### TASK TO COMPLETE
Begin at the line below that has "Ao Congresso, Lula" and stop after the line that has "Lenovo x1 carbon i5-1345u". Please restate only those lines, word for word.

(Scraped caption text data)
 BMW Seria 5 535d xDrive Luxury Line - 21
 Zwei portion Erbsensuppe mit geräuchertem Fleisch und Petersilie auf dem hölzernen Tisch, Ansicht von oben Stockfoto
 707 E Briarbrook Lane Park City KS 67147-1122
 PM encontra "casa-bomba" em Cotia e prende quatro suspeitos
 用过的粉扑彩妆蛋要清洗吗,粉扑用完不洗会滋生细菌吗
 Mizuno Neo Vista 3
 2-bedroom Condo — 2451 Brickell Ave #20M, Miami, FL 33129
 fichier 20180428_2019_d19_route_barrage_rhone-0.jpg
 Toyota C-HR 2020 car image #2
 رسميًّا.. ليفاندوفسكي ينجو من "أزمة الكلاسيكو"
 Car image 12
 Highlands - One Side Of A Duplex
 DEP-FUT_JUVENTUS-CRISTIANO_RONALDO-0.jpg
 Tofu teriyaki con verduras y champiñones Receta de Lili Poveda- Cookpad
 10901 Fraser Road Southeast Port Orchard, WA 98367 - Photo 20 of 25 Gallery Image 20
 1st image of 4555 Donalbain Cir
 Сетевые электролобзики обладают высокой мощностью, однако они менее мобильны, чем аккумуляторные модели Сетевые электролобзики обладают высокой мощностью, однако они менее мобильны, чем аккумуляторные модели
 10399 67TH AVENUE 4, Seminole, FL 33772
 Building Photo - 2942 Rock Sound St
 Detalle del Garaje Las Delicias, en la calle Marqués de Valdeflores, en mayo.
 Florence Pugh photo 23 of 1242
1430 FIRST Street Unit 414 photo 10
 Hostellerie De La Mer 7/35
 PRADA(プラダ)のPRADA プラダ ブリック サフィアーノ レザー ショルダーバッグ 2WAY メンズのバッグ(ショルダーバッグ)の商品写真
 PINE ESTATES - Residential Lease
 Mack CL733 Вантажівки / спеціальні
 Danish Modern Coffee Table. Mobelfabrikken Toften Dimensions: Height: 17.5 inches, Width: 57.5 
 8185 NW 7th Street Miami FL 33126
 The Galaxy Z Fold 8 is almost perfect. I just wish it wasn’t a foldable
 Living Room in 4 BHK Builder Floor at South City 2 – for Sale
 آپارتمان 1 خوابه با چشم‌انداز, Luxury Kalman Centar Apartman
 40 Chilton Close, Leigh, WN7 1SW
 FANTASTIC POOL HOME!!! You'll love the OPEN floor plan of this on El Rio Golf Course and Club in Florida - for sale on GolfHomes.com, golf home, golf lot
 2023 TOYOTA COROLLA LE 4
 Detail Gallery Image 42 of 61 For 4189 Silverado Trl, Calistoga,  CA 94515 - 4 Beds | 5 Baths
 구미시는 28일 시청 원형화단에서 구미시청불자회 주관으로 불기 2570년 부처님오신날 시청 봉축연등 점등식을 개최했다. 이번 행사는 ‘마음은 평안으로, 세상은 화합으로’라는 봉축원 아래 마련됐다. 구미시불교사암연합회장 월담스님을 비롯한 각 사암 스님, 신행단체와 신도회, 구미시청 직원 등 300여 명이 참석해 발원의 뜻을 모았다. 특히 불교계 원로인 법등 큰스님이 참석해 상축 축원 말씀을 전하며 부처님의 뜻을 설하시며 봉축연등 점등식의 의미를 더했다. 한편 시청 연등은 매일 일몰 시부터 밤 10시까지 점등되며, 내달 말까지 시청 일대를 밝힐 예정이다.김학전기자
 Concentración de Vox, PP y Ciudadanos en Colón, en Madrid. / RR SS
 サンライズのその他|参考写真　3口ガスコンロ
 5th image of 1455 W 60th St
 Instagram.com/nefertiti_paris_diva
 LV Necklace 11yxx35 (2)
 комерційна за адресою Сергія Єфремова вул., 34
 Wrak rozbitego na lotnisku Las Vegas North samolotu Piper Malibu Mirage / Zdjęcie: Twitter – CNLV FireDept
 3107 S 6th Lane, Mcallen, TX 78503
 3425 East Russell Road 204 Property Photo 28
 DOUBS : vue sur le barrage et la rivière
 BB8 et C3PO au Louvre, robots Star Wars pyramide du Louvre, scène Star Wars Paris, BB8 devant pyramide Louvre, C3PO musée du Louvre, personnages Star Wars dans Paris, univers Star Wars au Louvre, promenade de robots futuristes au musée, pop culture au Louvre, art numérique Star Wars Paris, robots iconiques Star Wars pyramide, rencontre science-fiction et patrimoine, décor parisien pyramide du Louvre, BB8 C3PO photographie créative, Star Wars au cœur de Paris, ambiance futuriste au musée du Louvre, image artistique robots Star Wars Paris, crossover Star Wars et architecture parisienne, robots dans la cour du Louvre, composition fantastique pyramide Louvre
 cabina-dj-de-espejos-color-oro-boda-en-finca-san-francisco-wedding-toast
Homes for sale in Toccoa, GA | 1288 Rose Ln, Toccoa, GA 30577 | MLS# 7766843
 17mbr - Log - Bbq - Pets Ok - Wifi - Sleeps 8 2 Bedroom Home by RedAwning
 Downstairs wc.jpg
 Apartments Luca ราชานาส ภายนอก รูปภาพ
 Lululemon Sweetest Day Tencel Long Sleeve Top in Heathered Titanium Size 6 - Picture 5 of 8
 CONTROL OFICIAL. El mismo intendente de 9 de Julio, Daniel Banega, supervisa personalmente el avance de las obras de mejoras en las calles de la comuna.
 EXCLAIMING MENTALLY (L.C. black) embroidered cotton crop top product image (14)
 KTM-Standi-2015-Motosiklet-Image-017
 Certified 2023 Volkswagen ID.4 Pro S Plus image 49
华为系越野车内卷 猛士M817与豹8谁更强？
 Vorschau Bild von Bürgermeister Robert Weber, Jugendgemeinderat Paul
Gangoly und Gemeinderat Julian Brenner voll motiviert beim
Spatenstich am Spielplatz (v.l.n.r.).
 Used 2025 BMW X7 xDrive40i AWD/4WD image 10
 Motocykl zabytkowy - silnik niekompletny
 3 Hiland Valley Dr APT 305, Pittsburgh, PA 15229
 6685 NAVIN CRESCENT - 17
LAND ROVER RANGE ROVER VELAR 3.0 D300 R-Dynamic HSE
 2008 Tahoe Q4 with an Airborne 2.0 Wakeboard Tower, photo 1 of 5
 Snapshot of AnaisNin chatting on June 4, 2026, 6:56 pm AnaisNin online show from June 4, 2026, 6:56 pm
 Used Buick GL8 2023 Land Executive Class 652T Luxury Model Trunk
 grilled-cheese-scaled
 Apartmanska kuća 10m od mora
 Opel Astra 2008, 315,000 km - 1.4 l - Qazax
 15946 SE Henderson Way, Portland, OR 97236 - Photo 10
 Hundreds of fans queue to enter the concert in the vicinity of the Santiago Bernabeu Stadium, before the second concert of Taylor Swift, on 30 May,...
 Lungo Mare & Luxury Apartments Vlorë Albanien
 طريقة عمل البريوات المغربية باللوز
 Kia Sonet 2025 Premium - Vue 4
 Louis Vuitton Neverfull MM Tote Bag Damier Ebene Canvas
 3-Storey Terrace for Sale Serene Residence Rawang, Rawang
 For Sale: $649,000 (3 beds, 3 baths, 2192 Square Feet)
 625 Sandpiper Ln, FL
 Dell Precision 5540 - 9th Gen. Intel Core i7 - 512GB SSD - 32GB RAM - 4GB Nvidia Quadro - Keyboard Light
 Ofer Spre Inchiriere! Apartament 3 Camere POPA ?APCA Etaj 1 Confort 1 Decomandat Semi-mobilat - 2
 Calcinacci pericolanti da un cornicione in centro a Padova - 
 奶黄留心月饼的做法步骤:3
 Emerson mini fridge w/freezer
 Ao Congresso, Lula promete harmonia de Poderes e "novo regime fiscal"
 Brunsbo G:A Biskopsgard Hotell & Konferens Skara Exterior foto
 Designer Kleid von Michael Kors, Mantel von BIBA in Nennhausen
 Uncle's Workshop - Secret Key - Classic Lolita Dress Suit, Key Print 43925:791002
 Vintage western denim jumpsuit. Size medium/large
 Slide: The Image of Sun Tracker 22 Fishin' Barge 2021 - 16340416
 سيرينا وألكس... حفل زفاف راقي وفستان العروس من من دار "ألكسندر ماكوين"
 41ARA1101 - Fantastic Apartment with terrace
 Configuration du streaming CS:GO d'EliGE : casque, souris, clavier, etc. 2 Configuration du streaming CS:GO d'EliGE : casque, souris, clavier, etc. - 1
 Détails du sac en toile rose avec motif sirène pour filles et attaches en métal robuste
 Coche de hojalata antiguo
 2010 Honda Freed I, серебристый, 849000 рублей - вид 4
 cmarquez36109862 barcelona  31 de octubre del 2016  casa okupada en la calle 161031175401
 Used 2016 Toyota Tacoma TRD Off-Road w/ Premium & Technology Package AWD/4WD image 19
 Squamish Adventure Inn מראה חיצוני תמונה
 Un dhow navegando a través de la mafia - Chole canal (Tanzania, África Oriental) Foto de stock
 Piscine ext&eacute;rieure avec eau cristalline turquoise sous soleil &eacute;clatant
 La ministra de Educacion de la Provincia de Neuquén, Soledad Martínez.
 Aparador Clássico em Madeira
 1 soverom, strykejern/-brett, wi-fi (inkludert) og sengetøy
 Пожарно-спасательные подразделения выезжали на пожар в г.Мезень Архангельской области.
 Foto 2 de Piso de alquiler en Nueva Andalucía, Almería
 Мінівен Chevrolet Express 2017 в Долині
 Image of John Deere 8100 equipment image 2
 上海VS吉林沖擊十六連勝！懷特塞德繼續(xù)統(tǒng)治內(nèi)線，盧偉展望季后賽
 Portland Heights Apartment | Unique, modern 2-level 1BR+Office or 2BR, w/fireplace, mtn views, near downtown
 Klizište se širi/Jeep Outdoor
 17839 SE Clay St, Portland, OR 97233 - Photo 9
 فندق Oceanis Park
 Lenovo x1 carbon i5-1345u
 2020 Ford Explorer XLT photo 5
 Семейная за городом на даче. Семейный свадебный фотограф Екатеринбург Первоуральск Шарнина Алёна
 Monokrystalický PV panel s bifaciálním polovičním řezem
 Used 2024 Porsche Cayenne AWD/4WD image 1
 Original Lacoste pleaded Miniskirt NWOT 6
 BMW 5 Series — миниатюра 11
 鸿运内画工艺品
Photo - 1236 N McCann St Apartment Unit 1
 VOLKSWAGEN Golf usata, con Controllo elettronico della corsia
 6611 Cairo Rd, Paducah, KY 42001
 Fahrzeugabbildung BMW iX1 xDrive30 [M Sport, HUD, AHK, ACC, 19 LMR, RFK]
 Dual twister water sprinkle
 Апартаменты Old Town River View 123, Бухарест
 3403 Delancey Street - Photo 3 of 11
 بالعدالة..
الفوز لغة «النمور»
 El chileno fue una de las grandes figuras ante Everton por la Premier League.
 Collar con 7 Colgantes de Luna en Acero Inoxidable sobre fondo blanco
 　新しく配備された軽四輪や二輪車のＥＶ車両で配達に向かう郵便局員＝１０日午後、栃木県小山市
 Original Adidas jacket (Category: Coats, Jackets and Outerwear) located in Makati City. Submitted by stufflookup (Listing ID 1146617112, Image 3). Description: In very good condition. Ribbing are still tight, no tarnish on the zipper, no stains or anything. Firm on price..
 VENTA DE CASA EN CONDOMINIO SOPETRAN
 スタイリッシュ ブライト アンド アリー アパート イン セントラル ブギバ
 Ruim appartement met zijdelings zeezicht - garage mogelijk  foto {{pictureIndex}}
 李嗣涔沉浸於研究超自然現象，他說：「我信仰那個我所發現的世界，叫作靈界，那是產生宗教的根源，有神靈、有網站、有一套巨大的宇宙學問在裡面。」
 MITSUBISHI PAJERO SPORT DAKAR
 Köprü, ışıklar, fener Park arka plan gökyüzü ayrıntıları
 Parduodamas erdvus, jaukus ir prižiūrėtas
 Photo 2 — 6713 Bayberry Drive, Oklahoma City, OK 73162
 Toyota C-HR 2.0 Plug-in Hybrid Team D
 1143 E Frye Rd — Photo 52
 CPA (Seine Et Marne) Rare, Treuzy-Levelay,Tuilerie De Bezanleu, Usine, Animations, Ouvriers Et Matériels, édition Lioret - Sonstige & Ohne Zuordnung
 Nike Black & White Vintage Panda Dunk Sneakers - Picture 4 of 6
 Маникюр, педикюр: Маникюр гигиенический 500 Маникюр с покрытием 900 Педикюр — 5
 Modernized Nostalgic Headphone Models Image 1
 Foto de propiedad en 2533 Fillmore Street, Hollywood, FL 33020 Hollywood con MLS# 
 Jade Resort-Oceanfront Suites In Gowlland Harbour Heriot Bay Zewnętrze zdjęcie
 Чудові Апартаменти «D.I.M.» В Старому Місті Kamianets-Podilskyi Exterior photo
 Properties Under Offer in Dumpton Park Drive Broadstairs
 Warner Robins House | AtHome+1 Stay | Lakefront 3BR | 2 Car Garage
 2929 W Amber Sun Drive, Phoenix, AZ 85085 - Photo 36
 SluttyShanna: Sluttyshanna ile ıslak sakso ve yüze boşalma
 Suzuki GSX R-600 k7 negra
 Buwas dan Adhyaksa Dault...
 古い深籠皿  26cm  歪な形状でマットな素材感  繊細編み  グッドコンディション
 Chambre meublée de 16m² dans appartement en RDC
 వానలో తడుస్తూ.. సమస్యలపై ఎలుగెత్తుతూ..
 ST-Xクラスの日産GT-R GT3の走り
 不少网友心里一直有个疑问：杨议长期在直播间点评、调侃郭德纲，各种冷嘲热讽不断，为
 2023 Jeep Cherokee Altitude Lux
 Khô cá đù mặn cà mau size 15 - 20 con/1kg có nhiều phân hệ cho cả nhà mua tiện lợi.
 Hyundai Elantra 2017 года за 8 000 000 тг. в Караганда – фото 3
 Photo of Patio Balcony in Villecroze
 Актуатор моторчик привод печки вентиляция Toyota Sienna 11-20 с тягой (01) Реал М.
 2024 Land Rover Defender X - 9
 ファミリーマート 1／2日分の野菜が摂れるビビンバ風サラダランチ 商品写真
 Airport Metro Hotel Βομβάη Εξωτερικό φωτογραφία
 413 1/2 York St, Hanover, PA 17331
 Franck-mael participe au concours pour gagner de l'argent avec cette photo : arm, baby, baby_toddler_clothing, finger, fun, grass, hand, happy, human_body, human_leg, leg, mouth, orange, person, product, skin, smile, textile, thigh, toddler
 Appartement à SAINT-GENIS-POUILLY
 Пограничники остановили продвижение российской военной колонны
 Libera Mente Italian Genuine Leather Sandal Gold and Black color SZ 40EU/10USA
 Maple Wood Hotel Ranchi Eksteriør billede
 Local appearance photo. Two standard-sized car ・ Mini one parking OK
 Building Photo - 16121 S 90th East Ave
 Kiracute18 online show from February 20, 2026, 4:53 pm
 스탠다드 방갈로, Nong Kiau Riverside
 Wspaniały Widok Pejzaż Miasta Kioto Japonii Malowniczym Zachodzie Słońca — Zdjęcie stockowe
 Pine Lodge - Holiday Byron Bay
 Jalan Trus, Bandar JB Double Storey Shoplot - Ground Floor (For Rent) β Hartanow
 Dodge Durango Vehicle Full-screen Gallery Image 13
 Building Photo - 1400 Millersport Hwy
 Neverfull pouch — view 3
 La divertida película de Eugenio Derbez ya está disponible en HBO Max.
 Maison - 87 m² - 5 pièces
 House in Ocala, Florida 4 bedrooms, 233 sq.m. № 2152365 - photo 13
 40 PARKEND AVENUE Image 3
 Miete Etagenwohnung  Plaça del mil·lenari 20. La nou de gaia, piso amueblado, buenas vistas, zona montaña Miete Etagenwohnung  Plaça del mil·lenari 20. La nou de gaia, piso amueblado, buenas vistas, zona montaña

### RESPONSE
 Ao Congresso, Lula promete harmonia de Poderes e "novo regime fiscal"
 Brunsbo G:A Biskopsgard Hotell & Konferens Skara Exterior foto
 Designer Kleid von Michael Kors, Mantel von BIBA in Nennhausen
 Uncle's Workshop - Secret Key - Classic Lolita Dress Suit, Key Print 43925:791002
 Vintage western denim jumpsuit. Size medium/large
 Slide: The Image of Sun Tracker 22 Fishin' Barge 2021 - 16340416
 سيرينا وألكس... حفل زفاف راقي وفستان العروس من من دار "ألكسندر ماكوين"
 41ARA1101 - Fantastic Apartment with terrace
 Configuration du streaming CS:GO d'EliGE : casque, souris, clavier, etc. 2 Configuration du streaming CS:GO d'EliGE : casque, souris, clavier, etc. - 1
 Détails du sac en toile rose avec motif sirène pour filles et attaches en métal robuste
 Coche de hojalata antiguo
 2010 Honda Freed I, серебристый, 849000 рублей - вид 4
 cmarquez36109862 barcelona  31 de octubre del 2016  casa okupada en la calle 161031175401
 Used 2016 Toyota Tacoma TRD Off-Road w/ Premium & Technology Package AWD/4WD image 19
 Squamish Adventure Inn מראה חיצוני תמונה
 Un dhow navegando a través de la mafia - Chole canal (Tanzania, África Oriental) Foto de stock
 Piscine ext&eacute;rieure avec eau cristalline turquoise sous soleil &eacute;clatant
 La ministra de Educacion de la Provincia de Neuquén, Soledad Martínez.
 Aparador Clássico em Madeira
 1 soverom, strykejern/-brett, wi-fi (inkludert) og sengetøy
 Пожарно-спасательные подразделения выезжали на пожар в г.Мезень Архангельской области.
 Foto 2 de Piso de alquiler en Nueva Andalucía, Almería
 Мінівен Chevrolet Express 2017 в Долині
 Image of John Deere 8100 equipment image 2
 上海VS吉林沖擊十六連勝！懷特塞德繼續(xù)統(tǒng)治內(nèi)線，盧偉展望季后賽
 Portland Heights Apartment | Unique, modern 2-level 1BR+Office or 2BR, w/fireplace, mtn views, near downtown
 Klizište se širi/Jeep Outdoor
 17839 SE Clay St, Portland, OR 97233 - Photo 9
 فندق Oceanis Park
 Lenovo x1 carbon i5-1345u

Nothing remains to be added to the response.